Juana returned to her community several days later to plant the crops and take care of the cows and chickens. Villagers were coming in and out of her house, and a neighbor told her in tears that her sister Jovita had died that morning. The night before her sister had complained that the pain had returned to her chest. They had found her dead in her chacra, the field she owned and worked and in which she had her earth shrine. “At least,” as Isica said, “she died with Pachamama.”
After burying her sister, Juana visited her mother in the clinic and told her about the death of her youngest daughter. Isica remained silent for a long while and then screamed, “Why do we have to suffer so much?” The doctor arrived to comfort them. He then told Juana that Jovita likely had died from Chagas’ disease and that Isica was also suffering from it. He suggested that all members of the family be tested for it.

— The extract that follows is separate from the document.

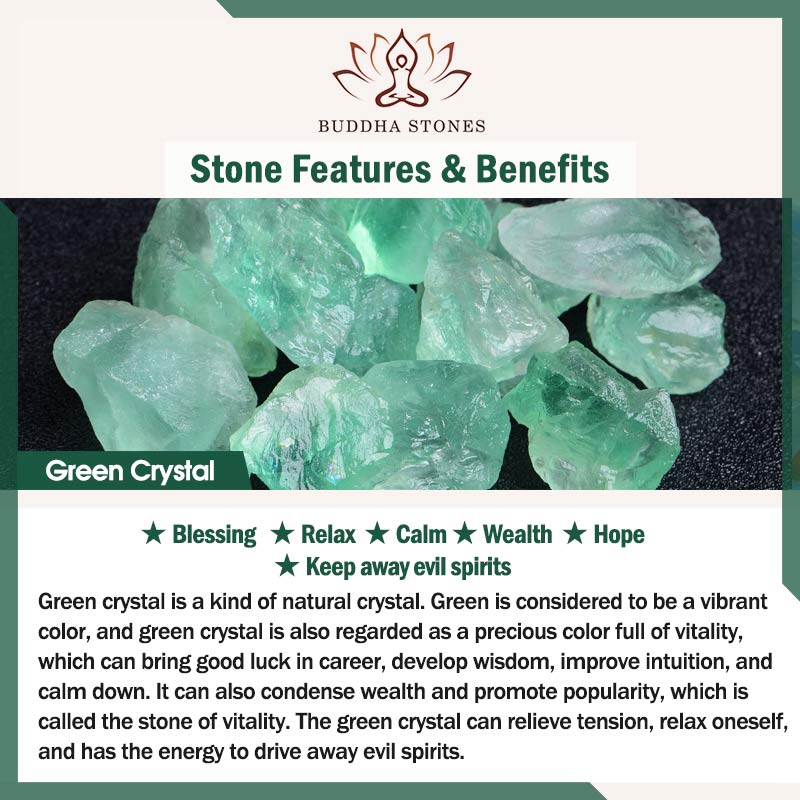 Braccialetto di benedizione e ricchezza in cristallo verde naturale Buddha Stones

Some time after, Juana, Isica, Yupay, and Ramon, the youngest son, were tested for Chagas’ disease. Juana, Isica, and Yupay were found to be infected; Ramon was not infected. Juana has a damaged heart muscle and a slightly enlarged lower intestine. Yupay has severely dilated intestines that are developing into cólico miserere. The doctor prescribed nifurtimox for Juana and Yupay to curtail their infection. However, they discontinued chemothera
py because they were unable to pay the necessary $200 a month, roughly equivalent to half a year’s earnings, for nifurtimox.
Dr. Oscar Velasco recently spoke with Juana at a conference for auxiliary nurses in Potosí. She still does not believe that vinchucas contributed to the death of her sister and to other illnesses. She said that peasants had always lived in houses with vinchucas and that they never got sick from their bites; and it is true that in the past vinchucas were not infected with T. cruzi to the extent that they are today. When Dr. Velasco asked her if she had ever seen vinchucas suck blood from humans, she said that vinchucas suck blood from animals but not from humans. Certain nongovernmental agencies have participated in housing-improvement projects to combat vinchucas in Calcha, but she admits that no one in her community pays much attention to their advice.

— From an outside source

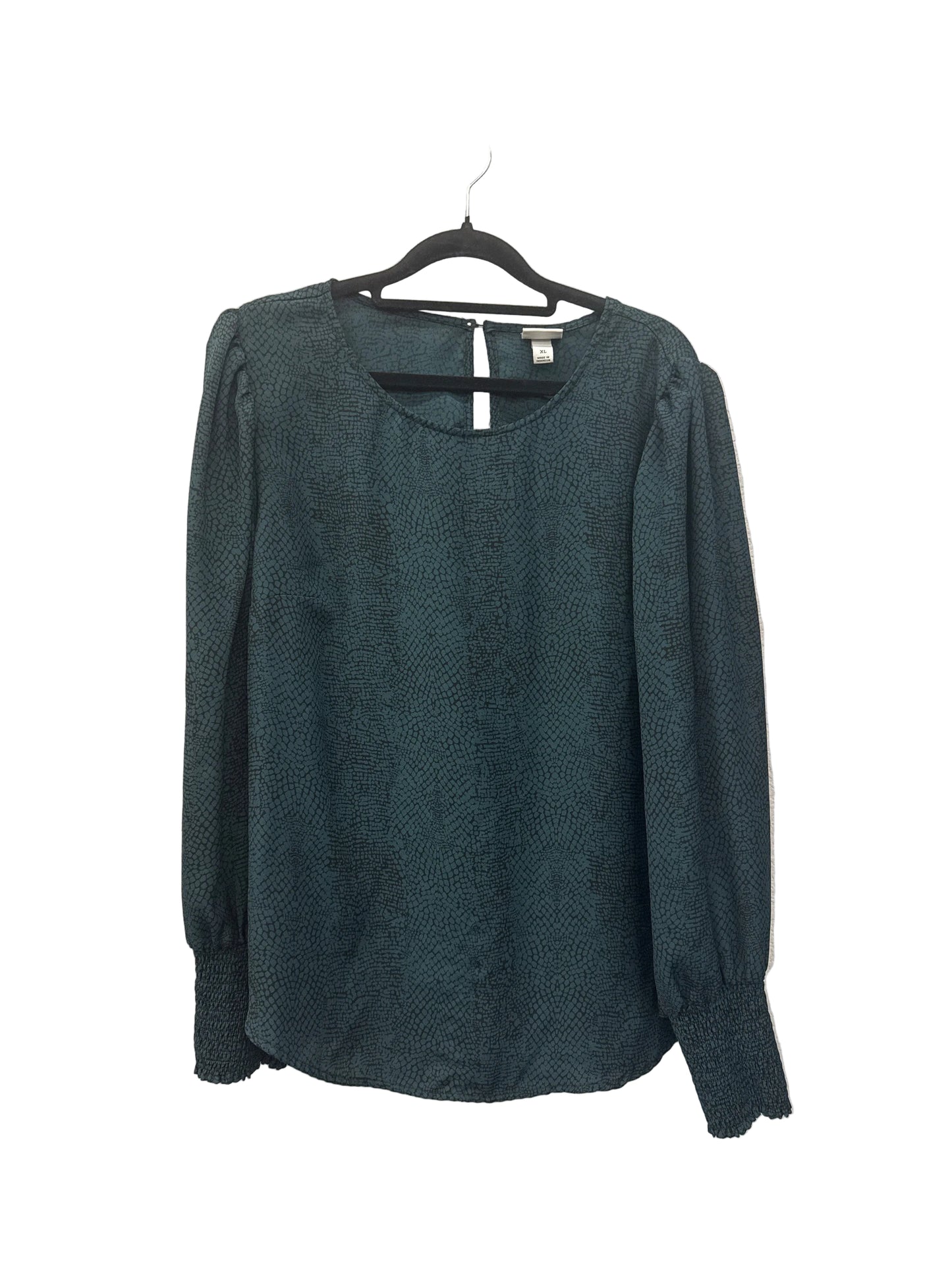 Blouse Long Sleeve By A New Day In Black & Green, Size: Xl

Of major concern to doctors in Bolivia is that peasants see little connection between severe constipation and possible T. cruzi infection. Constipation is associated with the eating of improper and unbalanced foods, and people with megacolon are said to have died from “dolor de barriga” (stomachache), “se ha hinchado la barriga” (swollen stomach), or “me ha dolido mucho y no he podido hacer qaqa” (severe stomachache accompanied by the inability to defecate). These frequently reported symptoms all can be attributable to T. cruzi parasites, although many Bolivians think they are caused by failing to maintain a balance of the hot and cold and wet and dry principles they associate with natural foods and other objects.

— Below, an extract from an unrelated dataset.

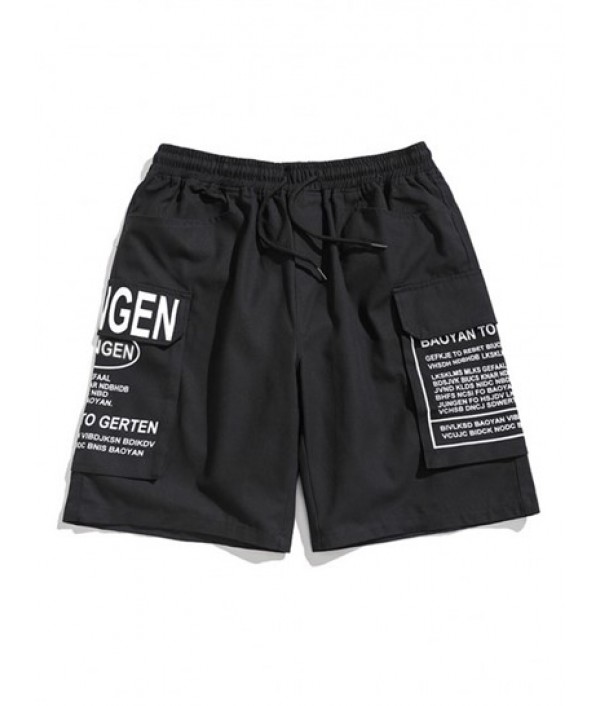 Men's Los Angeles Letter V Neck Short Sleeves Summer Baseball Shirt Knee-Length Letter Drawstring Cargo Shorts Preppy Casual Two Piece Set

As mentioned before (see Figure 11), a native Andean understands his/her body as the center of a distillation process that takes in fluids (air, water, food) and processes them into useful fluids (milk, semen, blood, and fat) and toxic fluids (feces, urine, and sweat) that need to be eliminated. The circulation of fluids is believed to be a process of centripetal (fluids concentrating in distillation) and centrifugal (fluids going to the peripheral) motions. Volvulus, empacho, is understood as the stopping of the centripetal movement. This has cultural significance in that Andeans thus suffering are unable to connect with the blood and fat outside their bodiesthe energy and life forces of nature.